Fill a well with 70% ethanol for sterilization of the pipette tip between samples.
Power on the PicoPipet controller, the Zrobo Controller, and CompassZ Zrobo-mounted video microscope.
Turn the small knob (coarse scale flow) on the controller clockwise (+) to increase outflow to 30 to visually inspect water coming out of the glass micropipette tip forming a small bubble. Turn the small knob counterclockwise back to 0 or press the small knob down to return outflow back to 0. If water is not coming from the pipette tip or if any air bubble formed within the pipette system, repeat flushing of the pipette system from Step
Note: the value for outflow and inflow are unitless and are meant to help the user intuitively adjust the current for smooth flow.
On the CompassZ Zrobo-mounted video microscope, move the X, Y and Z knobs to the middle of their respective tracks.
Focus the CompassZ Zrobo-mounted video microscope on the glass pipette tip by first decreasing magnification to its lowest objective and gently adjusting the tip into view in the center of the screen. To increase magnification, the Zoom Ring on the microscope can be adjusted. Any change in magnification will require adjustments to the small Z knob to refocus.

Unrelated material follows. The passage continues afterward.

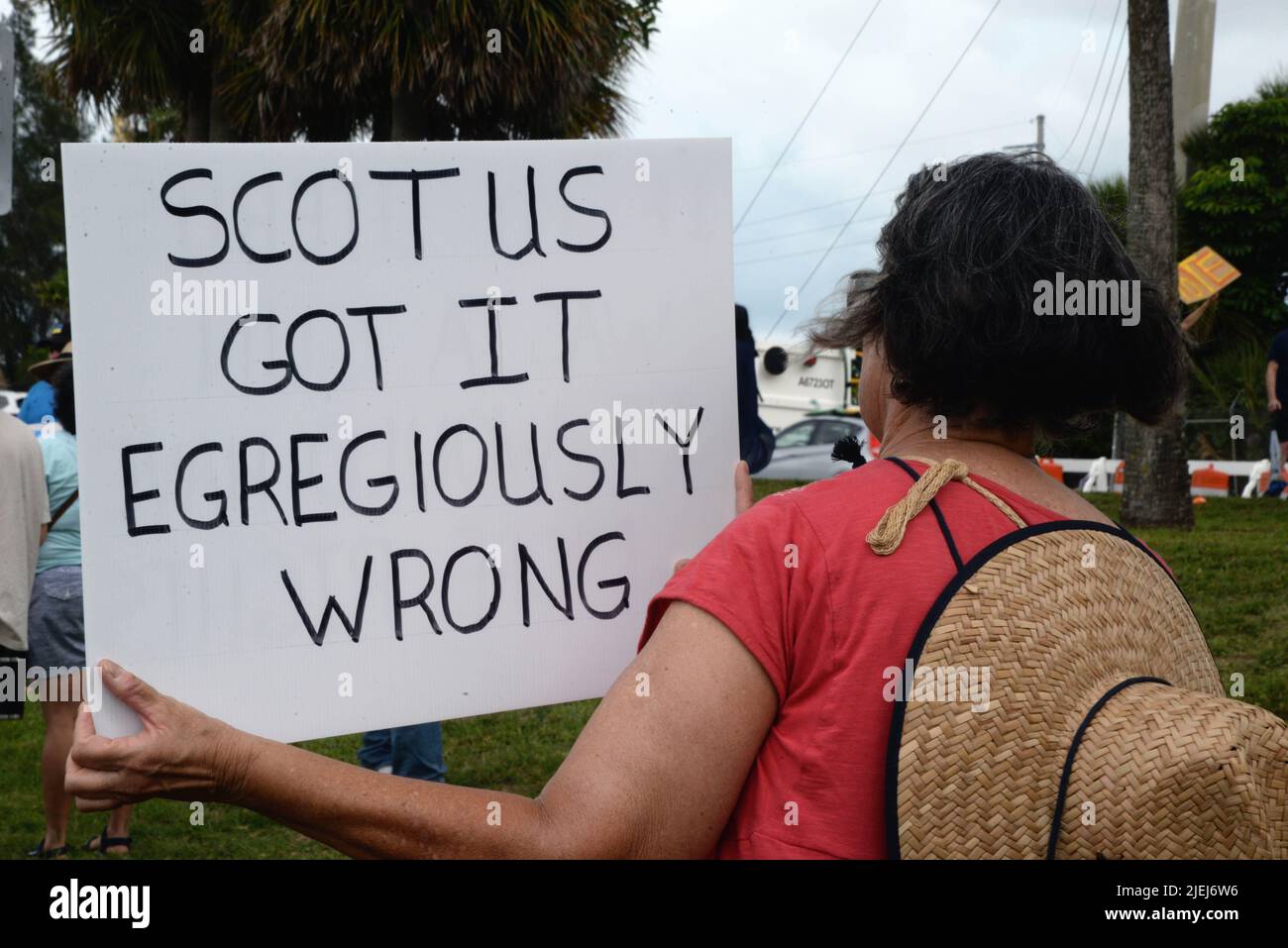 Melbourne, Comté de Brevard, Floride, États-Unis. 26 juin 2022. Les manifestants contre la décision de la Cour suprême des États-Unis (SCOTUS) de renverser Roe c. Wade se sont rassemblés sur la chaussée de l'eau Gallie POUR un rassemblement de femmes pour les droits en matière de reproduction et les personnes avec uteruses! Crédit : Julian Leek/Alay Live News Banque D'Images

For larger z-direction movement, for example to automatically move the pipette tip completely out of the sample and then into a microcentrifuge tube, the user can program different heights using the Zrobo controller. We recommend 4 different heights, 4, 15, 25, and 65 mm. These heights will be used in the rest of the protocol but are a suggestion and can be programmed to other values as needed.

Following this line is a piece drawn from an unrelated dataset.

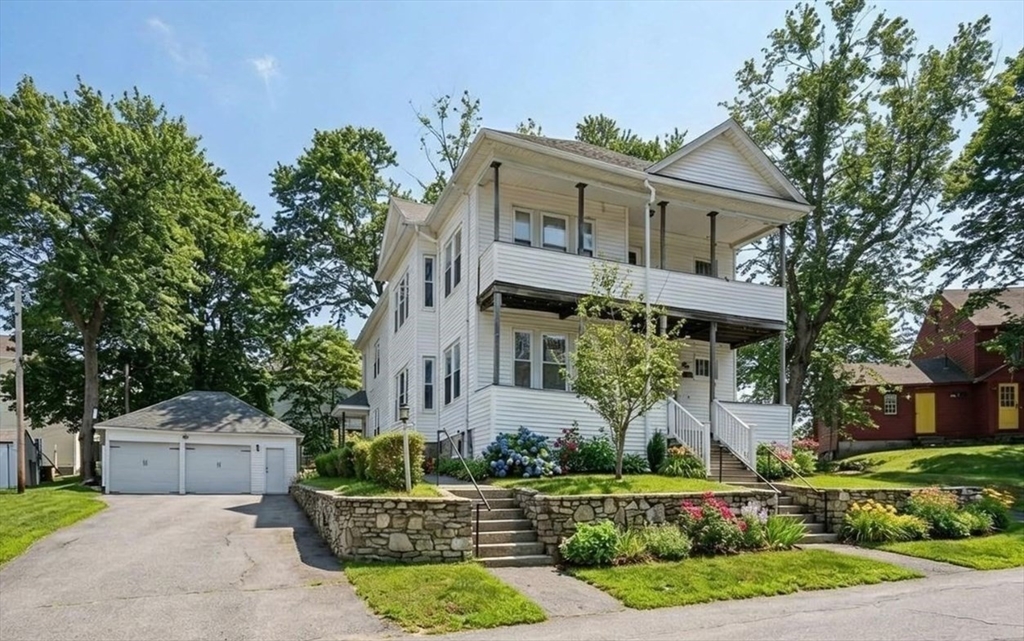 24 Ingleside Avenue, Worcester, Massachusetts, 6 Bedrooms Bedrooms, 14 Rooms Rooms,2 BathroomsBathrooms,Residential Income,For Sale,Ingleside Avenue,73480893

Glass micropipette tip sterilization
Glass micropipette tip sterilization
Lower the PicoPipet system using the Zrobo controller down to 4 mm and submerge the glass micropipette tip in 70% ethanol to sterilize. Note: lowering the glass tip into any liquid will require slight refocusing with the Zoom Ring and Z knob.

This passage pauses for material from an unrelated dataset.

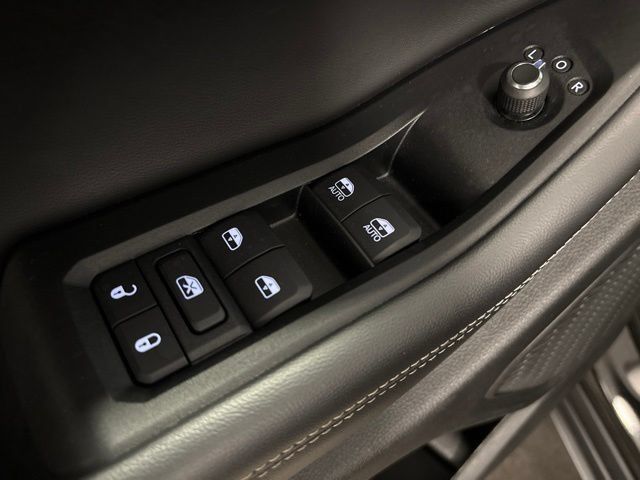 Used 2023 Jeep Grand Cherokee Altitude AWD/4WD image 11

Turn the small knob clockwise so that outflow of MQ-water is visible on the screen as a plume. Due to the large difference in solvent density between 70% ethanol and MQ-water inside the pipette, a liquid plume should be easily visible on the microscope screen. It is helpful to move the glass micropipette tip back and forth with the metal joystick to see the plume trail. To sterilize the inside of the pipette tip, wash the pipette tip by increasing the inflow counterclockwise so that ethanol is flowing into the tip. Wait ~3 seconds and reverse the flow to outflow so that ethanol is pushed out. Repeat process 3 times.
Decrease outflow with large knob (fine scale flow) so that only a very small outflow is visible as a faint plume. Use the Step Select button to make smaller voltage increments (0.5, 0.01, 0.001) to make very small adjustments in outflow. Decrease outflow as much as possible but ensure that there is no inflow to avoid inadvertently capturing multiple cells
Note: This step will have to be repeated occasionally as the PicoPipet controller drifts.
Raise the Picopipet system out of the ethanol to 65 mm and then lower to 4 mm into a well with a sample.
Isolating single cells
Isolating single cells
Refocus the glass micropipette tip. Once a cell is near the tip increase inflow slowly (large knob) to gently draw up a cell or small chain into the pipette tip.
Note: Ideally, the inflow/outflow is accurately adjusted so that the user can see the cell enter the tip and ‘float’ within the tip. The inflow should not be so high that many cells are drawn up or that they disappear very quickly from view, although this is sometimes unavoidable.
Once the cell is captured in the pipette tip, immediately press the small knob to return to 0 flow to prevent further inflow and lift the PicoPipet system with the Zrobo controller.
Lower the stage to 4 and further adjust the height with Z knob so that the tip of the pipette is just in contact with a microscope slide or PCR tube. Increase outflow to expel a 1-2 µL in lysis solution or cell storage solution of user’s choice.
Raise the stage to 65 and then lower to 4 mm in ethanol and re-sterilize the pipette tip.